Many persons have failed in the cultivation of this plant by attempting to grow it in too high a temperature; but when grown in a cool fernery, and plentifully supplied with moisture both in the atmosphere and at its roots, it will be found to succeed well, and its fronds will not only be stouter and broader, but also of a better colour, than those grown in a hot stove. The plant is a native of New Zealand, and has been imported in considerable quantities, some of the trunks being from 1 foot to 18 inches high, and from 6 to 9 inches in diameter. These throw up fine heads of their feathery plumes if properly treated, and eventually make splendid specimens.

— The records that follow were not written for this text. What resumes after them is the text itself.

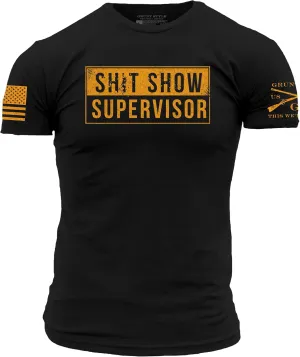 Grunt Style Sht Show Supervisor Men's T-Shirt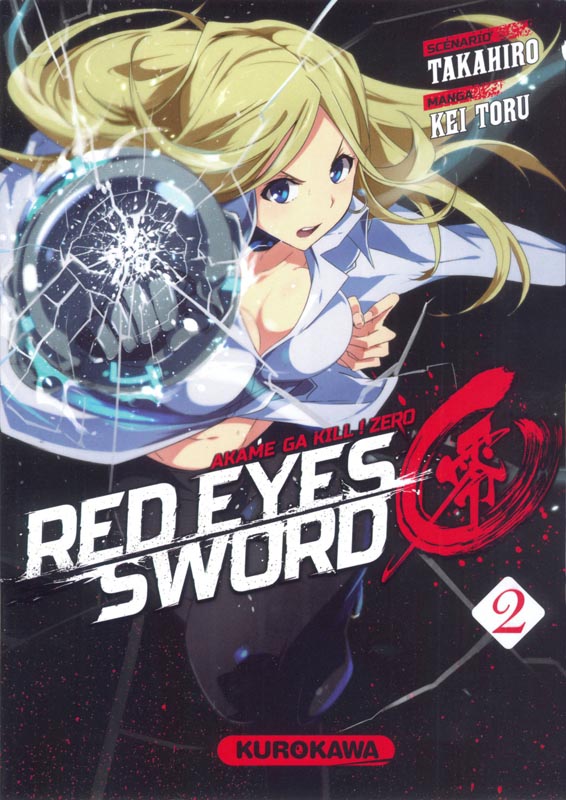  Red eyes sword - akame ga kill ! Zero  T2, manga chez Kurokawa de Takahiro, Toru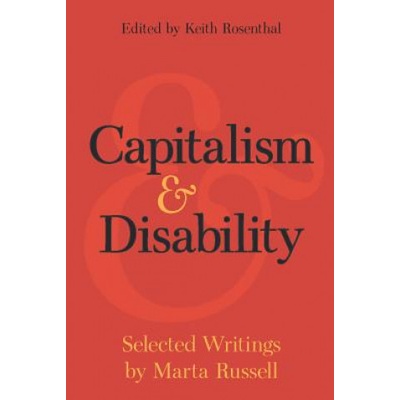 Capitalism and Disability | Marta Russell, Keith Rosenthal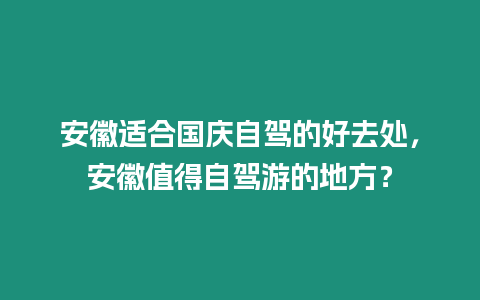 安徽適合國慶自駕的好去處，安徽值得自駕游的地方？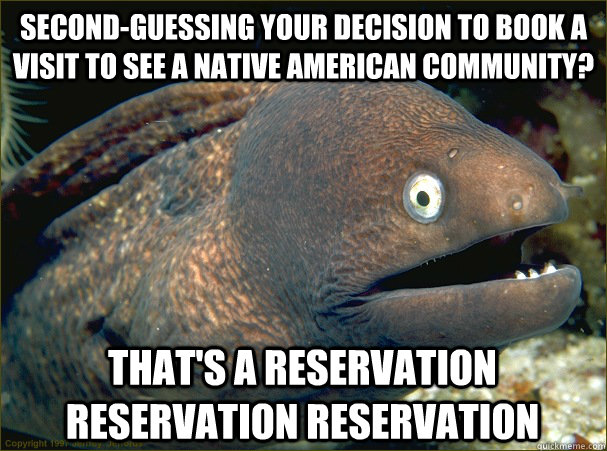 second-guessing your decision to book a visit to see a Native American community? That's a reservation reservation reservation - second-guessing your decision to book a visit to see a Native American community? That's a reservation reservation reservation  Bad Joke Eel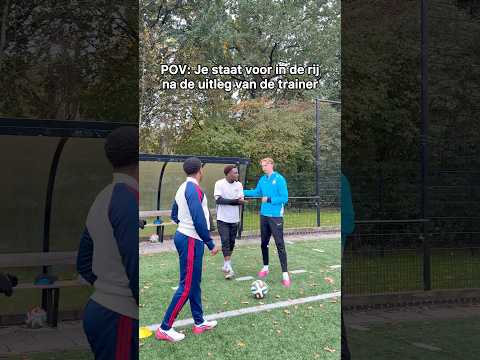 POV: Je staat voor in de rij na de uitleg van de trainer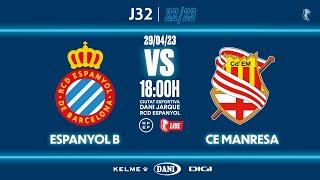  #EspanyolMEDIA | ️ Espanyol B  CE Manresa | J32 | 2ª RFEF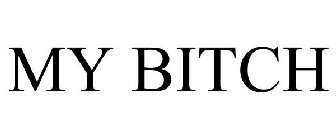 MY BITCH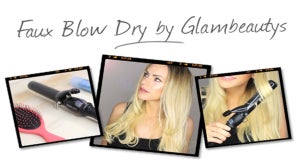 Glambeauty’s Faux Blow Dry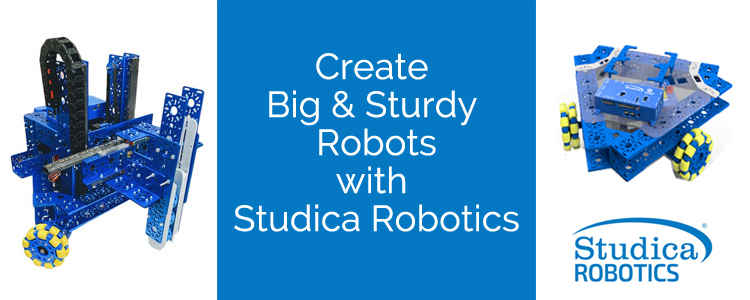Create Big & Sturdy Robots with Studica Robotics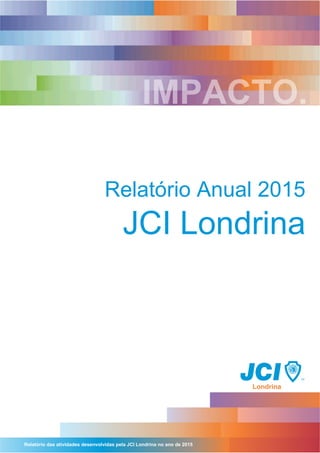 Relatório das atividades desenvolvidas pela JCI Londrina no ano de 2015
Relatório Anual 2015
JCI Londrina
 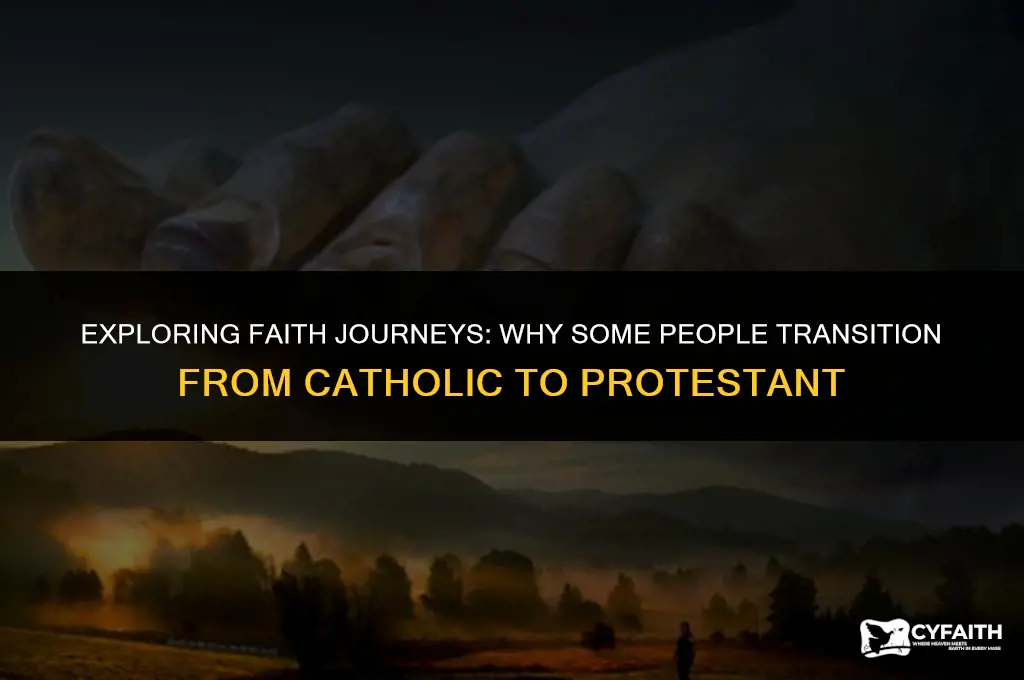 why somepeople change cathoilc to protestant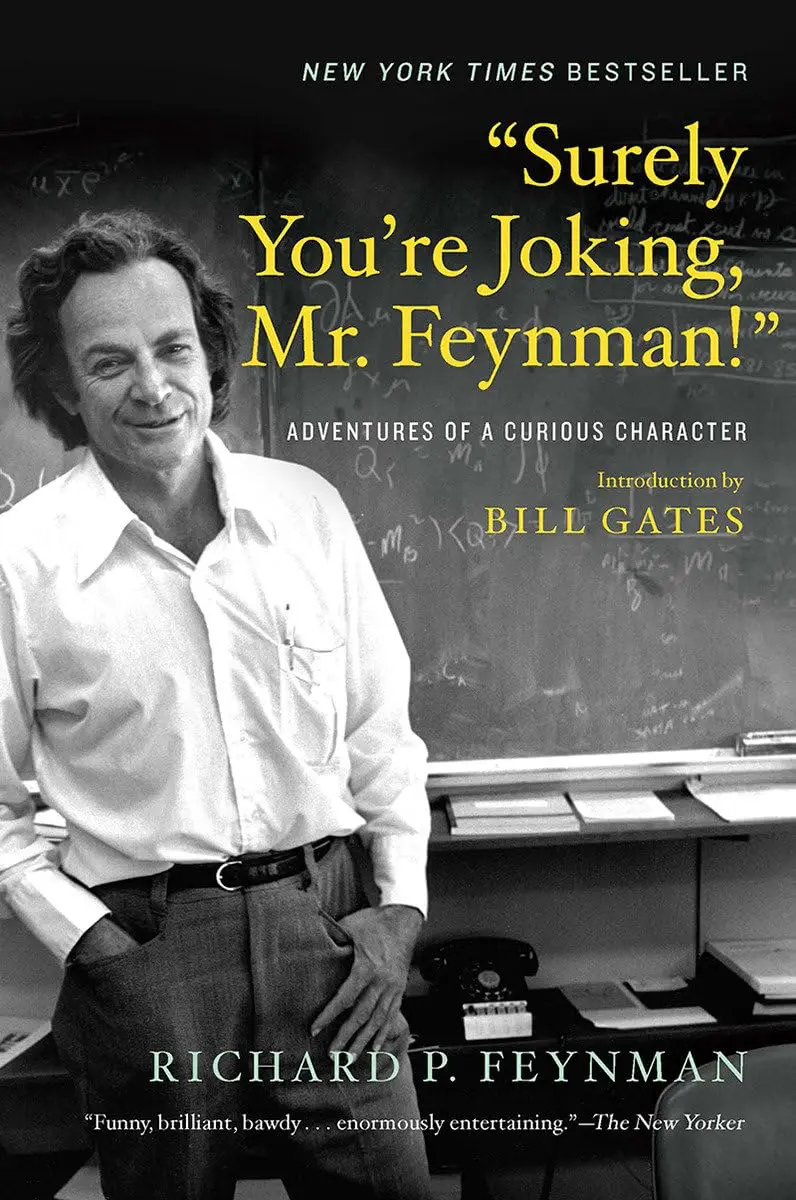 Surely You’re Joking, Mr. Feynman!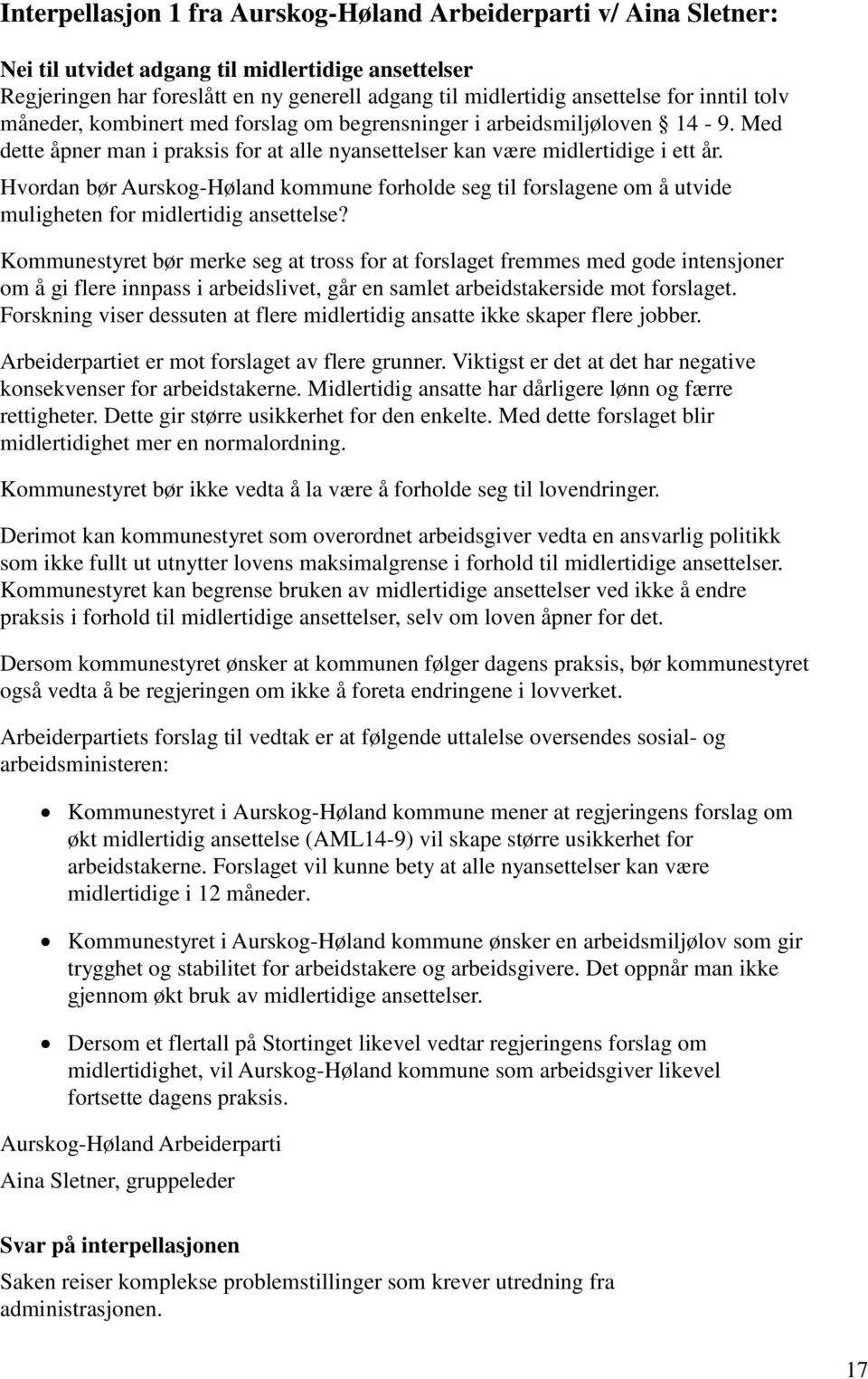Hvordan bør Aurskog-Høland kommune forholde seg til forslagene om å utvide muligheten for midlertidig ansettelse?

Todea superba is grown in quantity by P. N. Eraser, Esq., Edinburgh, and also by Provost Russel, Mayfield, Falkirk, the latter gentleman having some fine specimens in the best possible condition.

In cool ferneries this plant will grow remarkably well, planted out in a moist situation, and soon forms a conspicuous object; or they may be successfully cultivated in a glass case specially contrived for them. When placed in a suitable position, this plant grows rapidly; and I have found them grow best in a compost of peat, living Sphagnum moss, and coarse river-sand, taking particular care that the pot is thoroughly well drained. The plant under discussion, like many others, is partial to an abundant supply of moisture overhead and at its roots; but it will speedily show signs of weakness if the compost turns sour through bad drainage or a superabundance of stagnant moisture. When grown in pots in a case, provision should be made for plunging the pots, common sand being a good material for this purpose. The surface may be planted with Selaginella after the plants are arranged, or a layer of living Sphagnum may be spread between the pots, which will not only add to the neatness of the whole, but also greatly assist in maintaining an equable state of heat and moisture at their roots - a very important point in the culture of these delicate plants.

The plant is freely propagated from spores, which are borne in profusion by well-established specimens; and I have now several dozens of nice little plants pricked out, that have come up promiscuously on the pot-tops.

Todea Pellucida

Todea Pellucida is another nice feathery species of this genus, that does well treated like the preceding. Its fronds are longer, and not so finely cut; but good healthy plants are very ornamental, either grown in cases or bell-glasses. Planted out in cool ferneries in the natural style, it soon makes itself at home.

Todea Wilkesiana

Todea Wilkesiana may be considered one of the rarest, and at the same time one of the daintiest, of Tree-ferns. It has a caudex varying in height from 1 to 2 feet, and fronds something resembling those of the last-mentioned species. It grows well in a glass case in the tropical fernery, but is not yet in general cultivation. Messrs Veitch & Sons, Chelsea, have a fine specimen of this beautiful species in their collection.

Todea (Africana) Barbara

This is very distinct in its appearance, when compared with the semi-pellucid delicacy of the preceding species. It has a large irregular trunk or caudex, and fine imported specimens weigh from 10 to 20 cwt. each. The noble specimen in the large temperate conservatory or winter-garden at Kew weighed 15 cwt. and is one of the finest specimens in this country.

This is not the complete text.